Pienso también en otra Nochebuena: La noche previa a la Navidad, cuando solemos festejar con la tradicional cena familiar una de las fechas más significativas del calendario cristiano. Esa Nochebuena está definitivamente ligada a mi historia personal, con particular énfasis en sus años infantiles. Ahí está el recuerdo de la reunión anual y única de la familia Pinchetti, en la casa de mis abuelos. Los tíos y los primos departiendo en torno a una gran mesa adornada precisamente con flores de Nochebuena. El árbol de Navidad, los regalos, la cena, los infaltables pleitos familiares.

Hubo una vez, ya fallecidos los abuelos, que mi tía Adelita (hermana de mi madre, Emily) y mi tía María Luisa (prima de ambas), se enfrascaron en una acalorada diatriba por dilucidar quién era “el rey de la Navidad”. Mi tía Adelita postulaba a su padre, Humberto, en tanto que María Luisa lo hacía con el suyo, Romeo. Hay que aclarar que Humberto y Romeo (llegados a México de Lugano, Suiza italiana), eran hermanos, que habían casado con dos hermanas. El caso es que aquella confrontación marcó el inicio de una decadencia de las reuniones navideñas, que acabaron por desaparecer.

De manera más íntima, mis recuerdos –y nostalgias– de esa época del año incluyen desde luego las posadas del club Vanguardias y el Nacimiento que mi madre en persona instalaba en algún corredor de la casa, con sus figuras italianas, el pesebre de palma, el musgo verde, las ramas de pino olorosas… En la Navidad recibíamos como regalo ropa para todo el año, que nos traía el Niño Jesús. Los juguetes eran cortesía de los Reyes Magos.

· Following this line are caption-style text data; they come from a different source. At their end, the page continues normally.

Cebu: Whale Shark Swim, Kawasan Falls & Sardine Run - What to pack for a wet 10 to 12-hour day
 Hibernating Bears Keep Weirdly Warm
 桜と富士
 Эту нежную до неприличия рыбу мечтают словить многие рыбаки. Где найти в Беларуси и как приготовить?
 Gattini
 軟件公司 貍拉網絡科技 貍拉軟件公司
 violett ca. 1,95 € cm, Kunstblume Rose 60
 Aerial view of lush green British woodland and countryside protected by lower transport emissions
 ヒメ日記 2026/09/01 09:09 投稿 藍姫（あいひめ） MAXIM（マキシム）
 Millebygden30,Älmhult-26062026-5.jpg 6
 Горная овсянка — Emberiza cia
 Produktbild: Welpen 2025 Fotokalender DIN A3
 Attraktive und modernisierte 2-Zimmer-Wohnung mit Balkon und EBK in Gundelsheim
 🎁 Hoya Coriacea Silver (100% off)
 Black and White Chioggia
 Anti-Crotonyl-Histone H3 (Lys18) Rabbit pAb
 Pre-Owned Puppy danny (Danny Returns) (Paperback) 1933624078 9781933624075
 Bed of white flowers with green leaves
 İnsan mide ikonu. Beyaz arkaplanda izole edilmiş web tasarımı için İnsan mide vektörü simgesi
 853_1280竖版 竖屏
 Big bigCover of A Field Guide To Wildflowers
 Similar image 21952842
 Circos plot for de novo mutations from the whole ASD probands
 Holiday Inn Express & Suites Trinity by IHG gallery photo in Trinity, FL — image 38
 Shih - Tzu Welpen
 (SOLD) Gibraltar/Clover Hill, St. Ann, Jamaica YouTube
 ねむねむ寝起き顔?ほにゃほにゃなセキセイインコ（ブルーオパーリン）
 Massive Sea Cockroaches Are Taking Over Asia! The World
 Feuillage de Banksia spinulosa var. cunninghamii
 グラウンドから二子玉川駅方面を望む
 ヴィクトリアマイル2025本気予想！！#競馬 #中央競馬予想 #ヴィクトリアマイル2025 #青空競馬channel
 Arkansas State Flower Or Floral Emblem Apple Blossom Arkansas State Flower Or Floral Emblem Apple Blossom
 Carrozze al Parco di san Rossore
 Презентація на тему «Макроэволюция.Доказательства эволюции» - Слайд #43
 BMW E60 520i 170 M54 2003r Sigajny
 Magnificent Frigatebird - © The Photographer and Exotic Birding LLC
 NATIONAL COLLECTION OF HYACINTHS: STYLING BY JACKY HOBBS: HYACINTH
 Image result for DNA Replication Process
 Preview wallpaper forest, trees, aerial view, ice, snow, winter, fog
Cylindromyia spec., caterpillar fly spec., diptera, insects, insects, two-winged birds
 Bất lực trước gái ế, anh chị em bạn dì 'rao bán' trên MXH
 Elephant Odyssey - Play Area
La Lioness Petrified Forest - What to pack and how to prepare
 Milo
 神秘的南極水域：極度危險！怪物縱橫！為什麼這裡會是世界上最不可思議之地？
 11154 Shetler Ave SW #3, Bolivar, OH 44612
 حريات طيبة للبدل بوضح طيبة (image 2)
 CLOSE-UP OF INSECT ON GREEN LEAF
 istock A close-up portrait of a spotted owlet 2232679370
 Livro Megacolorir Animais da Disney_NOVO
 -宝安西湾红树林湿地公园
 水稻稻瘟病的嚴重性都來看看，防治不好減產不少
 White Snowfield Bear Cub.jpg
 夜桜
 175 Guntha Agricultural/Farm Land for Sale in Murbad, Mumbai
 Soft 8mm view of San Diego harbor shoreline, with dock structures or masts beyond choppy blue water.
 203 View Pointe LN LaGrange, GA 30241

El Santa Claus era entonces prácticamente un desconocido, apenas presente en el mostrador del Sears de Insurgentes y San Luis Potosí, en la colonia Roma, con su espesa barba blanca, su ropa roja y su carcajada permanente. Lo curioso es que el primer trabajo que tuve en mi vida, ya en plena adolescencia, fue el de entregar a domicilio fotografías de niños con Santa Claus que los dueños del negocio tomaban en la Alameda Central. Nos daban cada foto a tres pesos, para revenderla en cinco. Con mi primo Romeo nos íbamos en bicicleta a repartir. Era importante apartar una buena zona, porque con frecuencia los clientes rechazaran las fotografías u ofrecieran una bicoca por ellas. Y esas eran pérdidas, porque no había devolución.

En las referencias obligadas de estos días están los platillos de temporada, que incluyen por supuesto el pavo (que en ese tiempo se compraba vivo, unos días antes, a los campesinos que los llevaban en parvadas por las calles), los romeritos y el bacalao. En mi familia paterna, lo más entrañable era el pavo, por el relleno italiano que llevaba. Era una receta familiar heredada por mi madre, a base de salami y pan molido. ¡Inolvidable!

La otra Nochebuena que no olvido en estas fechas es la cerveza, que sólo en esta época se consigue, porque es de producción limitada: estupenda. Válgame.